O governance quer acabar com o patrão?

Quer uma gestão profissional, uma governance profissional que permita separar a pessoa, a família, da empresa e profissionalizar e criar um modelo sustentável e não dependente de uma pessoa ou um conjunto muito pequeno.

As associações procuram influenciar políticas públicas. A BRP já tem uma agenda para influenciar a construção do Orçamento do Estado 2023?

Isso é o segundo eixo das respostas, depois do que podemos nós fazer para resolver os problemas. Olhando esse segundo lado, o que vai além da ação da iniciativa privada, temos essa vertente que é: se pudéssemos alterar o quadro legal e regulatório, o que tentaríamos influenciar? Que tem uma importante diferença para outras entidades: quando procuramos influenciar o poder político - governo, AR, reguladores ou outros - não o fazemos no interesse egoísta dos nossos associados mas no que julgamos ser o interesse do país.

Não é lóbi, é influenciar para a mudança que traz crescimento.

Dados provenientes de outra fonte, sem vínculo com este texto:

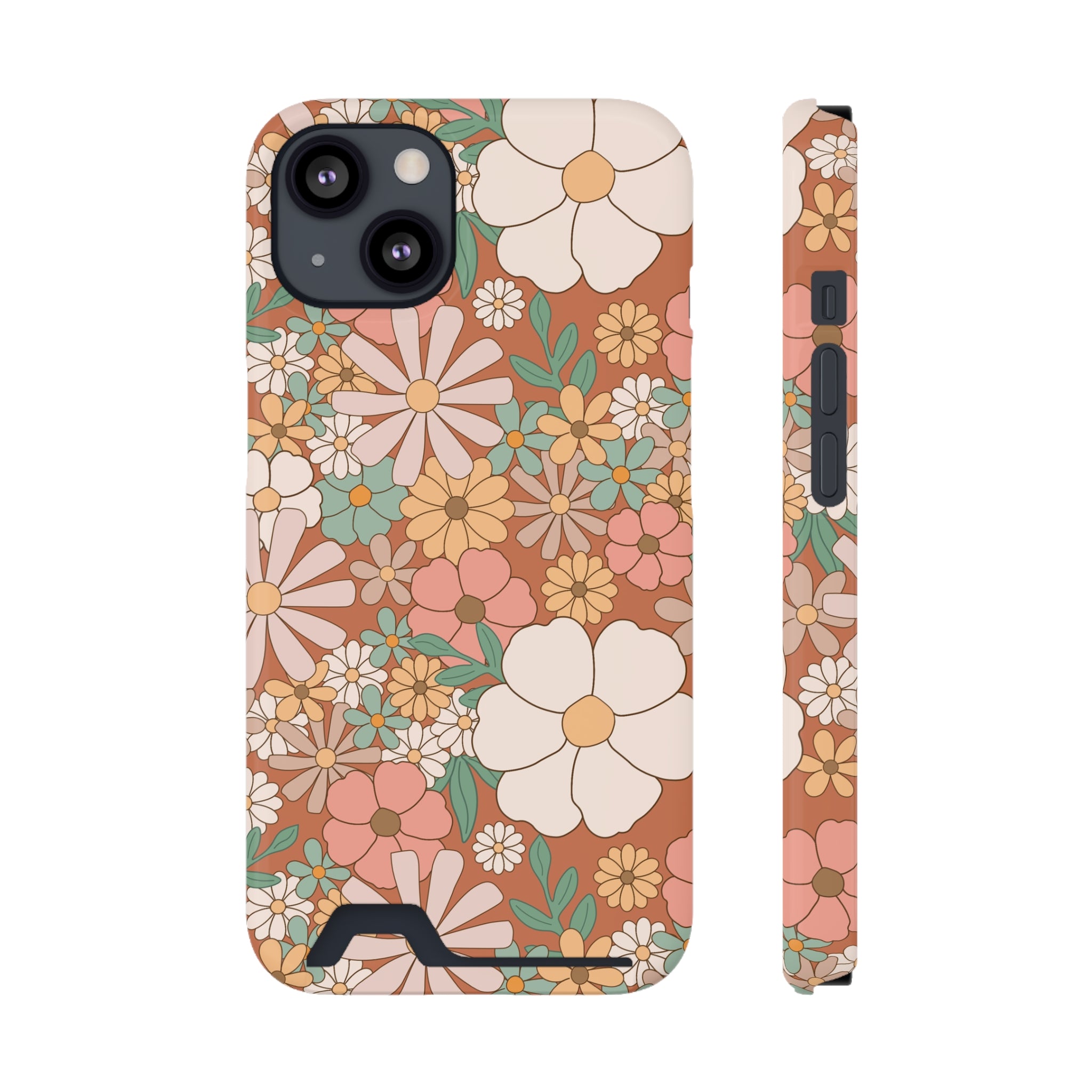 Floral Phone Case with Card Holder - Stylish & Functional for Everyday Use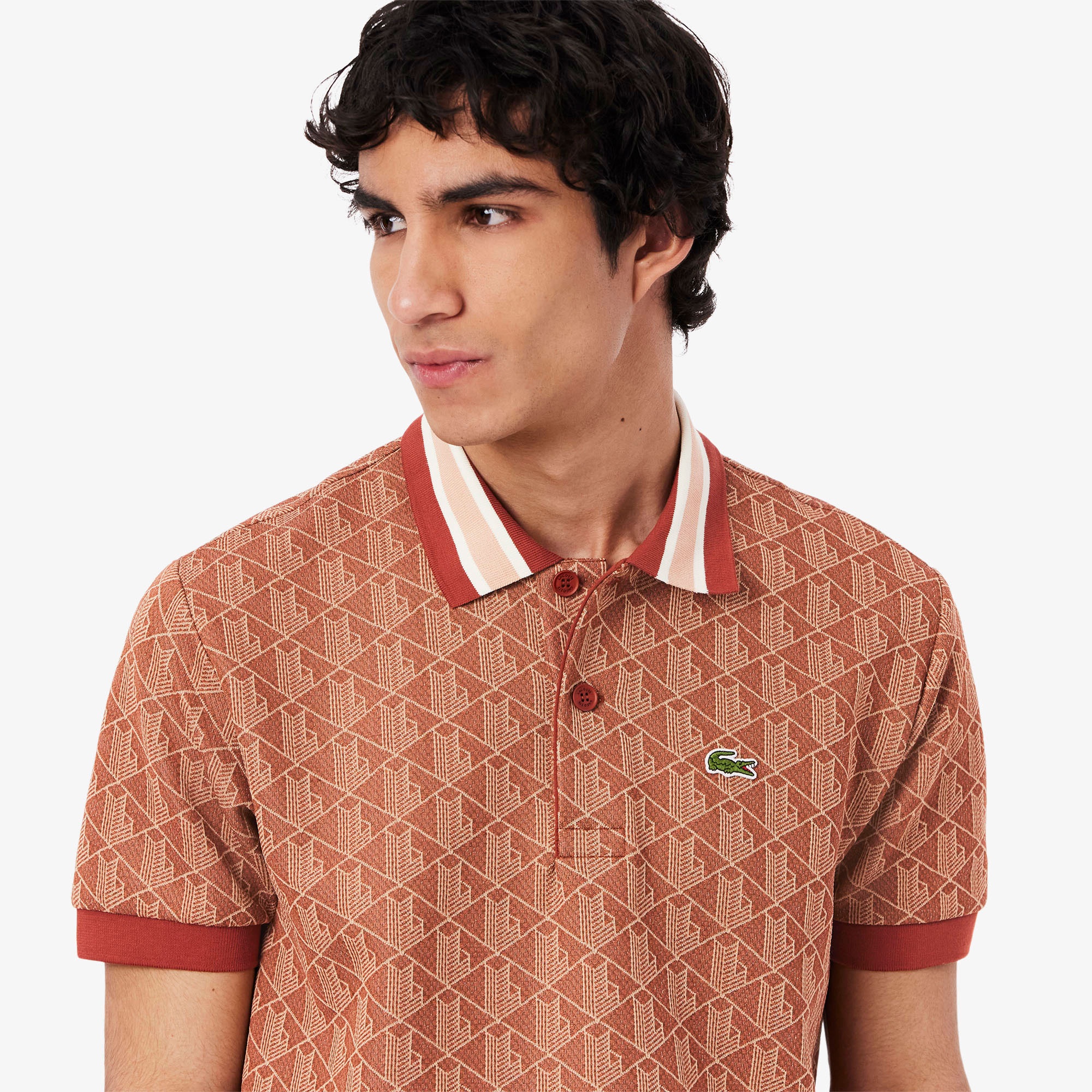 Lacoste Erkek Classic Fit Monogram Kırmızı Polo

Portugal tem um problema com a palavra, eu não posso dizer que não seja lóbi, mas não é egoísta, é positivo porque o propósito é o desenvolvimento do país. E nesse sentido temos tido contacto com os agentes do Estado que têm poder de tomar decisões. Identificámos quatro áreas de trabalho do lado do Estado, a começar pela justiça, em que Portugal fica mal em todos os rankings internacionais. E tem de haver foco na justiça administrativa que é um pilar muito importante da democracia, porque é aquele que resolve os diferendos entre Estado e particulares - pessoas ou empresas. E é nesse que a justiça é mais lenta: 846 dias.

E além da justiça?

Temos o tema da burocracia e do licenciamento, onde temos estado a trabalhar muito bem com a comissão criada pelo primeiro-ministro, liderada pelo Prof.. João Tiago Silveira. Há um primeiro projeto de simplificação de licenciamento, neste caso ambiental. Temos tentado transmitir ao governo que mais importante do que fazer as leis é executá-las, passá-las para o terreno. E nestes casos do ambiente mais complicado ainda, porque envolvem a administração central, a local, a regional. Há vários outros pacotes de simplificação de licenciamento previstos. E finalmente temos a regulação de atividades económicas e profissões e de fiscalidade.

O PS prometeu uma semana de 4 dias e aumentos de 20% nos salários. É executável?

Temos política e Política e nós não queremos meter-nos nos temas partidários, ainda que tenhamos de meter-nos nos temas de Política que interessam ao país, nesses envolvemo-nos. Todos queremos pagar melhor, mas isso tem de estar ligado à produtividade e à criação de riqueza. O desafio está até muito ligado ao peso das remunerações no PIB - ora os últimos números do Eurostat já mostram que o peso de 48% das remunerações no PIB como objetivo já foram atingidos, num ano em que o PIB cresceu. Mas voltamos ao que eu disse: as grandes empresas são mais produtivas, investem mais e pagam melhor. Nós precisamos de mais grandes empresas. Em Portugal temos 1300 grandes empresas que pesam 29% do PIB; Espanha tem 38%, Alemanha 48% e França 52%. Se fôssemos como Espanha, uma parte do diferencial de falta de produtividade do país estava resolvida e o aumento dos salários também aconteceria. O foco do país tem de ser: premiar o crescimento das pessoas e das empresas.